1.2 No purchase order for the PRODUCTS sent by the BUYER is binding on the SELLER unless specifically accepted in writing by the SELLER.
1.3 The order may not be assigned to third parties without the written consent of the SELLER.
1.4 The BUYER acknowledges that no agent or representative of the SELLER has the authority to bind the SELLER.
2. PRODUCT CHARACTERISTICS AND TECHNICAL SPECIFICATIONS
The technical features or specifications of the PRODUCTS, even if specified in detail in SELLER’s catalogues, brochures, price lists, etc., will be relevant for the purpose of assessing conformity of the products, only if expressly referred to in the offer and acceptance of the order.
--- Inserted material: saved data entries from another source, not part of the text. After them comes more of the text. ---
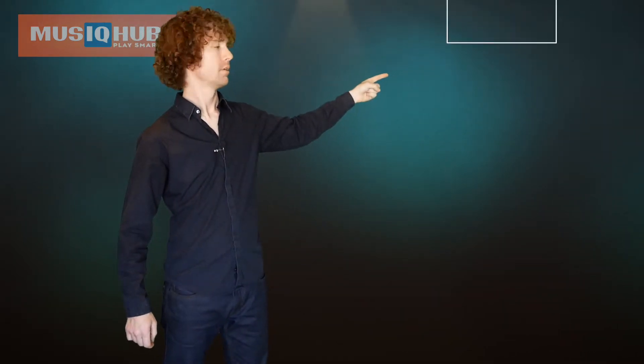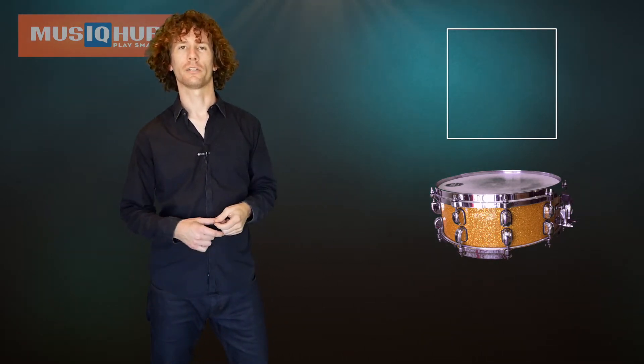Next up, we have squares. Squares rhyme with snare, that's right. So when we see a square, we play the snare. So we've got circles for our kick for our foot, and squares for our snare for our left hand.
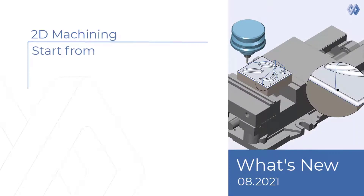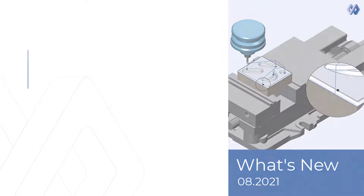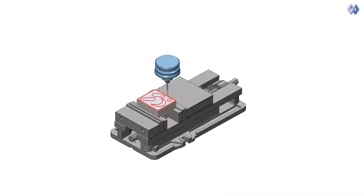2D Machining — Start from. A new feature has been added to the wireframe 2D profile pattern. This feature enables the user to define the start point for contours. Compared to previous versions, it is now easier to control the start point of the toolpath, and there are more options for different scenarios.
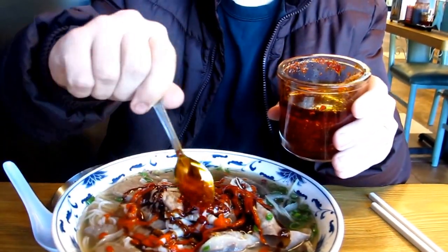Oh yeah, mix that in a little bit. You can see the broth turn this brownish red color. Mmm, that's good.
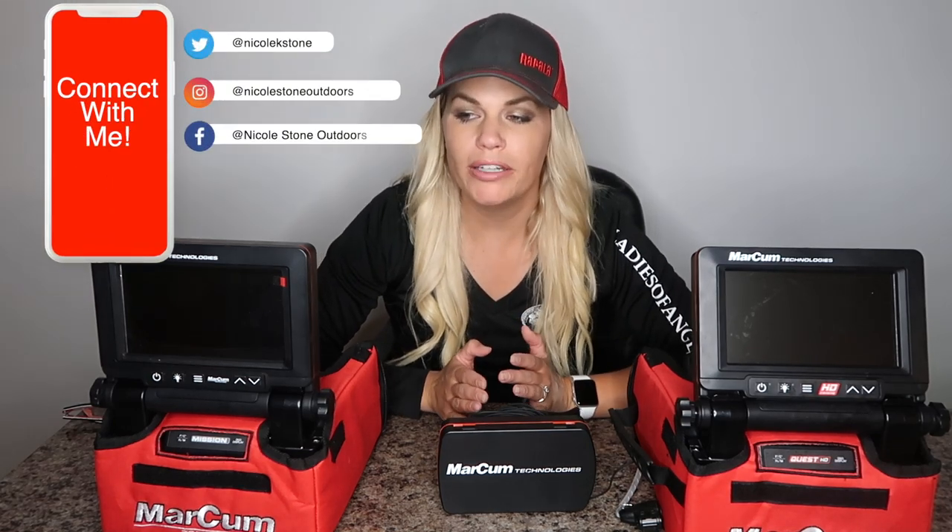Today's video is about recording your underwater camera footage. I'll go through all three different ways you can do that depending on what type of camera you have. Whether you have an Aquaview or a Markham, as long as you know what kind of video out you have — which is very easy to find out — you'll be able to record camera footage in no time. I'll have timestamps for each method below so you can jump to your particular camera.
3. PRODUCT PRICES AND TERMS OF PAYMENT
3.1 The price lists of the SELLER do not constitute an offer, but rather serve a mere explanatory purpose. The actual prices will be specified in the SELLER’s offer.
3.2 Subject to a different agreement in writing, the prices of the PRODUCTS are understood to be Ex-works, packaging excluded. Taxes, charges and fees in force at the time of delivery are exclusively charged on the BUYER, as well as any other cost or charge relating to the transportation and/or the delivery. In any case, the prices do not include charges and services which are not mentioned.
3.3 If the parties agree that the PRODUCTS will be paid after the date of delivery, the BUYER must pay the price of the PRODUCTS to the SELLER within 30 days from the date of issue of the invoice (unless otherwise agreed in writing).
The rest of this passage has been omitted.